Murakami is a diffident confidante, an unfamiliar voice that obscures as much as it reveals about the author. On more than one occasion, he notes that readers “probably wouldn’t like” him, and he is sometimes distant and bland in his summaries of the meaning of this observation or that running result. That’s just how I am. That’s life. This is how it goes. At first, I found these simple blurts disappointing, a signal that this book was something of a rush-job, but I came to see them as an accurate (and, finally, interesting) portrait of a man in search of some limited and non-ecstatic conclusions about his life and its meaning.

In fact, by the end I regarded his tone as a subtle rebuke to the my life is singular and rich and here’s how ALL could benefit from fingering its silken edges ambience of some (western) celebrity bios. For only one small example, an early casual mention of having been married at 22 seemed to me a clear signal that marriage was far in his rear-view window.
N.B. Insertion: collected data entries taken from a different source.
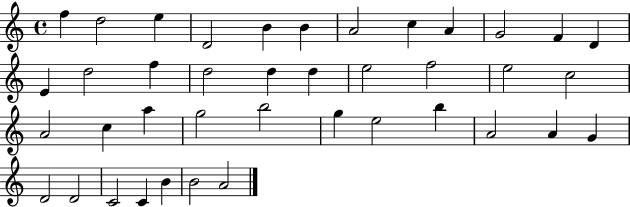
{
  \clef treble
  \time 4/4
  \defaultTimeSignature
  \key c \major
  f''4 d''2 e''4 | d'2 b'4 b'4 | a'2 c''4 a'4 | g'2 f'4 d'4 | \break e'4 d''2 f''4 | d''2 d''4 d''4 | e''2 f''2 | e''2 c''2 | \break a'2 c''4 a''4 | g''2 b''2 | g''4 e''2 b''4 | a'2 a'4 g'4 | \break d'2 d'2 | c'2 c'4 b'4 | b'2 a'2 | \bar "|."
}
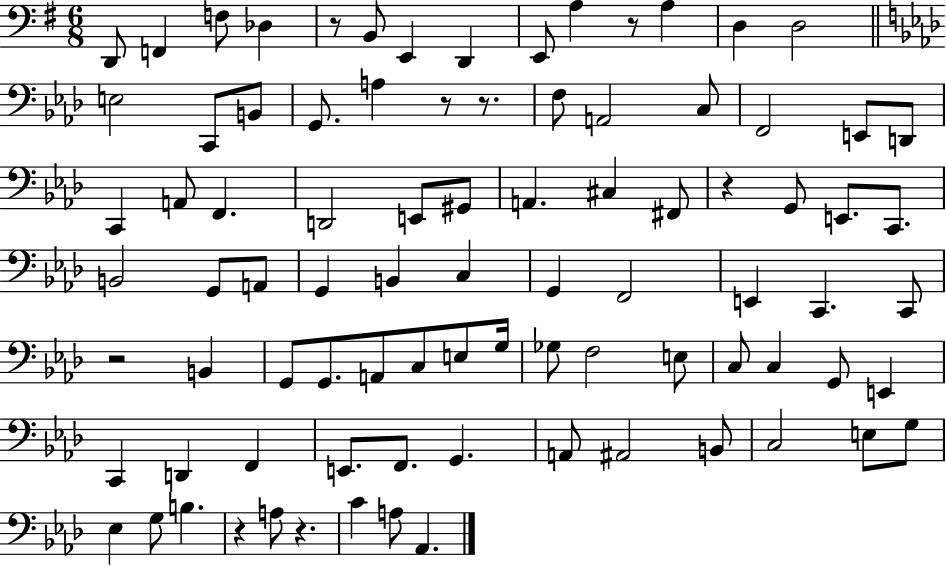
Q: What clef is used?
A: bass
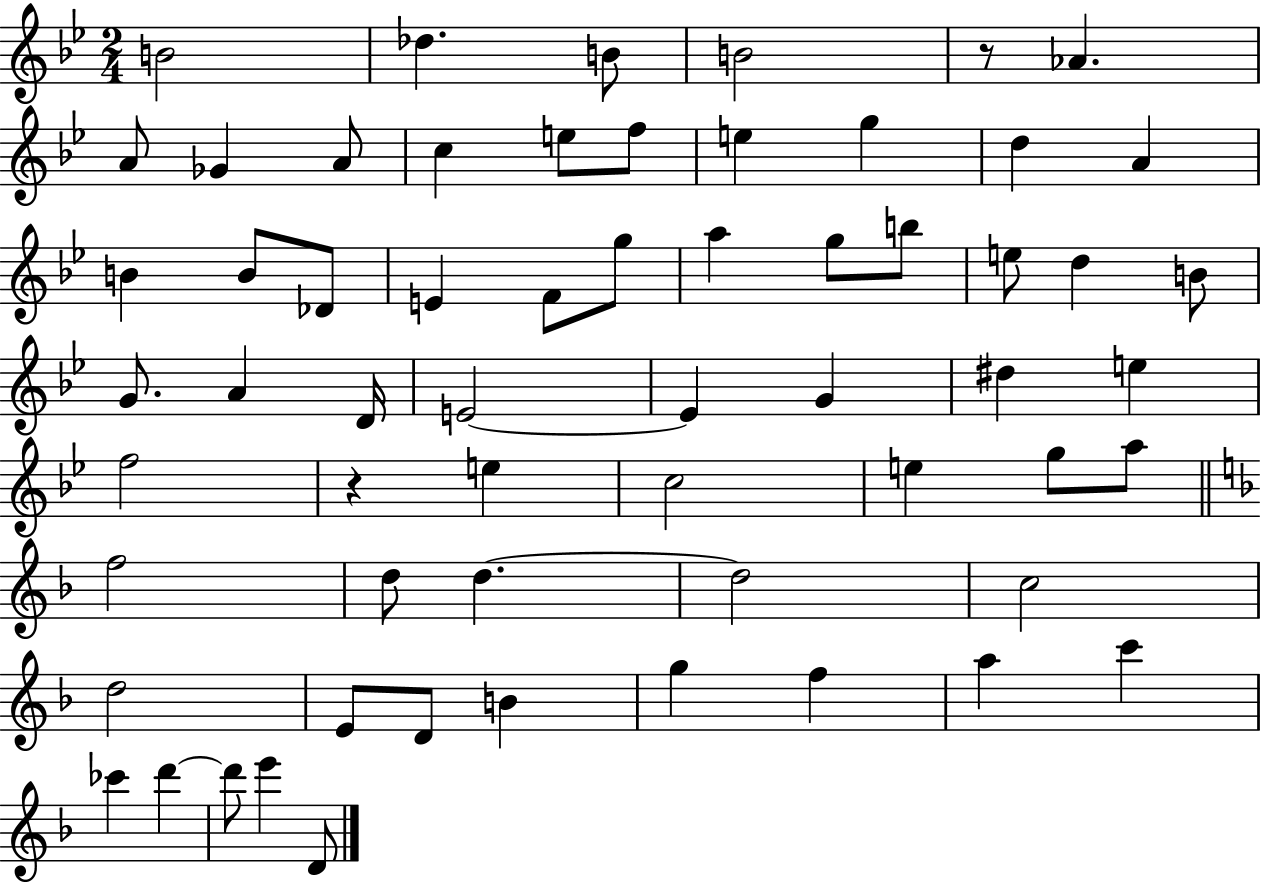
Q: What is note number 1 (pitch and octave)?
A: B4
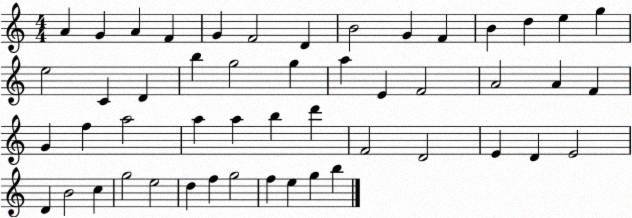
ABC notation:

X:1
T:Untitled
M:4/4
L:1/4
K:C
A G A F G F2 D B2 G F B d e g e2 C D b g2 g a E F2 A2 A F G f a2 a a b d' F2 D2 E D E2 D B2 c g2 e2 d f g2 f e g b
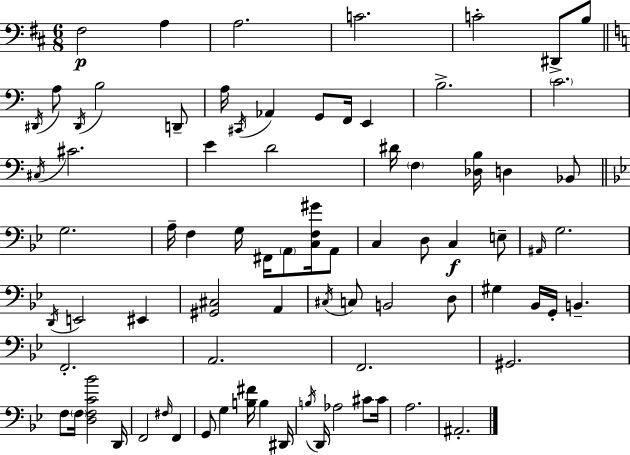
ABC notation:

X:1
T:Untitled
M:6/8
L:1/4
K:D
^F,2 A, A,2 C2 C2 ^D,,/2 B,/2 ^D,,/4 A,/2 ^D,,/4 B,2 D,,/2 A,/4 ^C,,/4 _A,, G,,/2 F,,/4 E,, B,2 C2 ^C,/4 ^C2 E D2 ^D/4 F, [_D,B,]/4 D, _B,,/2 G,2 A,/4 F, G,/4 ^F,,/4 A,,/2 [C,F,^G]/4 A,,/2 C, D,/2 C, E,/2 ^A,,/4 G,2 D,,/4 E,,2 ^E,, [^G,,^C,]2 A,, ^C,/4 C,/2 B,,2 D,/2 ^G, _B,,/4 G,,/4 B,, F,,2 A,,2 F,,2 ^G,,2 F,/2 F,/4 [D,F,C_B]2 D,,/4 F,,2 ^F,/4 F,, G,,/2 G, [B,^F]/4 B, ^D,,/4 B,/4 D,,/4 _A,2 ^C/2 ^C/4 A,2 ^A,,2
In fact, his wife later makes brief and almost accidental appearances in this memoir of monkish discipline; she is never named or described, a level of biographical focus (and adherence to privacy, I suppose) that is startling. The Western attachment to personality, fame and disclosure seems exhibitionist by comparison.

He likes to be alone, and he’s with the Buddha: Life is suffering. This narrow gateway to understanding informs his thought about running and life: “[t]hey might not amount to much, but they are personal lessons I’ve learned through actually putting my body in motion….They may not be lessons you can generalize, but that’s because what’s presented here is me, the kind of person I am.” I’m a worn-out ex-jock who still tries to run, though the distances have never been what Murakami routinely pulls off. (The jerk.) I’m also a writer, and the confluence of these two themes – rigorously and sacrificially adhered to by this paragon of focus and discipline – really took me in. If you have either of these two interests, or both, you may be, too.

And the title? Its oddly rambling nature fits perfectly, but it wasn’t until Murakami’s after-word that I realized it was a homage to one of his favourite writers to read and translate into Japanese, the American minimalist Raymond Carver. (I know Carver only by reputation – writers often refer to him – and he keeps popping up for me. Another one for the Better Read Than Never list.) One of Carver’s best-known tales is the title story of a notable collection: What We Talk About When We Talk About Love. Ah. I think I understand. Hiraku Murakami loves running. He loves writing. He loves simplicity in both. That’s how things work for him.